Contents
Add
dataset to the Dataset list
Initialise
app
The first time you open the app (.exe in in DichroIDP/DichroIDP folder) there will no datasets in the dataset list box.
1. Click on the + sign next to the list box.
2. On the dialog click 'browse'.
3. Navigate to the dataset folder (in the first DichroIDP folder).
4. Open the dataset folder and select IDP175, BUT DONT OPEN IT.
5. Click on 'select folder’ then click ‘Ok’.
It will now be in the list. Repeat the procedure to add the SP175
dataset to the list. Whichever dataset is showing in the list box is used for
the calculation
you only do this the first time you open the app unless you move it to another location
on your computer.
File types
1) DichroApp can read .gen files generated by CDtoolX and CDTool and two column text files where column x is the wavelength and column y holds CD data. The columns should be tab-delimited.

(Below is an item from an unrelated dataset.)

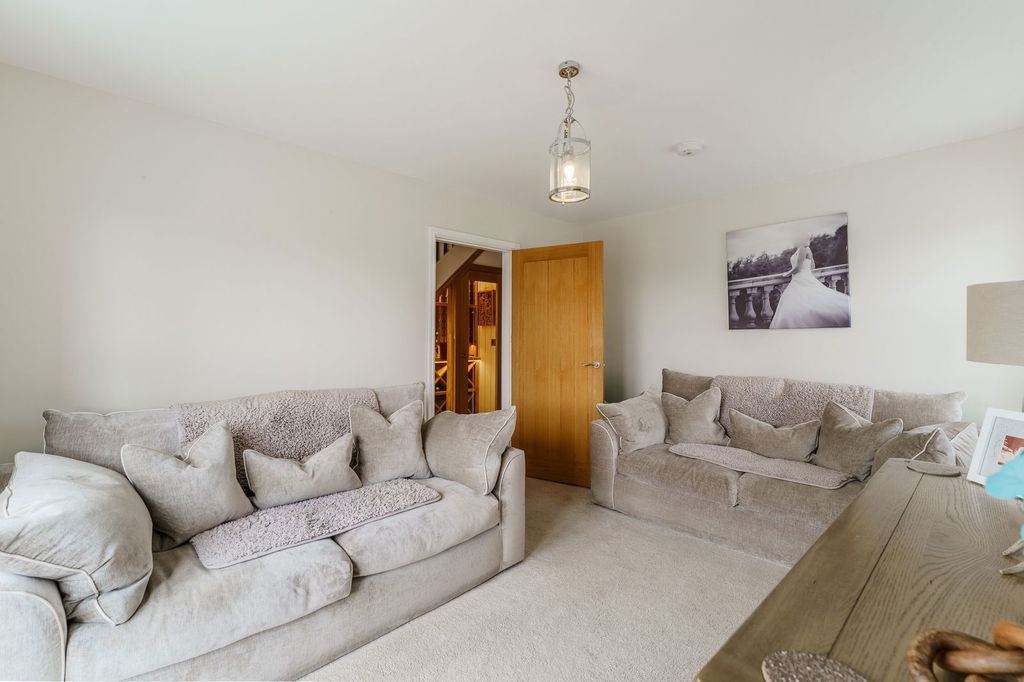 Property photo 3 of 25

2) A spectrum should have a high wavelength of 240nm or above or it will not be accepted.
3) A spectrum should have a wavelength interval of 1 or 0.5 nm or it will not be accepted.
4) If the interval is 0.5 nm the high wavelength must be a whole number of it will not be accepted.

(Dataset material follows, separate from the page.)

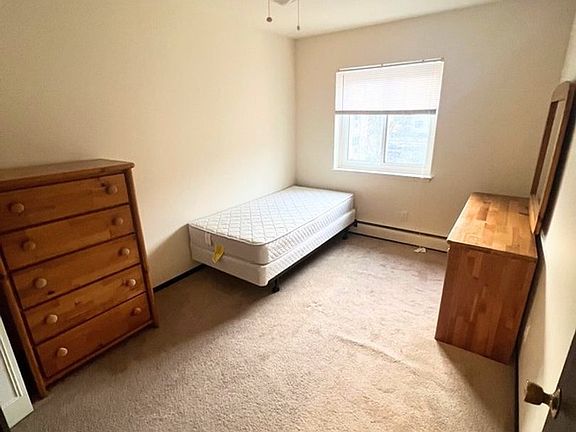 3rd image of 2130 University Ave APT 5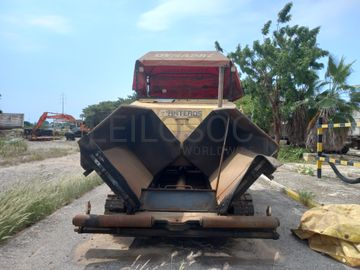 Espalhadora-Acabadora de Pavimentação da marca DYNAPAC, modelo F141C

5) The lowest wavelength analysed is determined by the low wavelength of the dataset, the lowest wavelength of the query data or the lowest wavelength chosen by the user. For a good analysis 190 nm or below is recommended.
Analysing
a spectrum
1) Choose the file type by clicking the appropriate radio button next to the ‘Open spectrum’ button.

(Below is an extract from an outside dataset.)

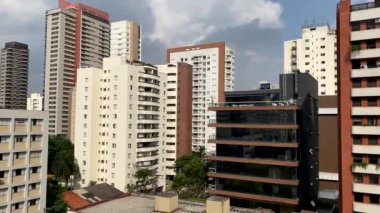 Güney Amerika 'da bina inşaatı. Birkaç farklı bina. Sao Paulo şehri, Brezilya.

2) Click the open spectrum button and navigate to the spectrum file
3) Select a dataset from the Dataset list
4) Select the low wavelength cut-off of your spectrum. If this is below the low wavelength of the dataset or above it, either the query data or the dataset data will be automatically truncated. If the value is below that of your query data, the lowest wavelength of the query data is chosen by default.
6) Select the spectrum in the file list
7) Click analyse.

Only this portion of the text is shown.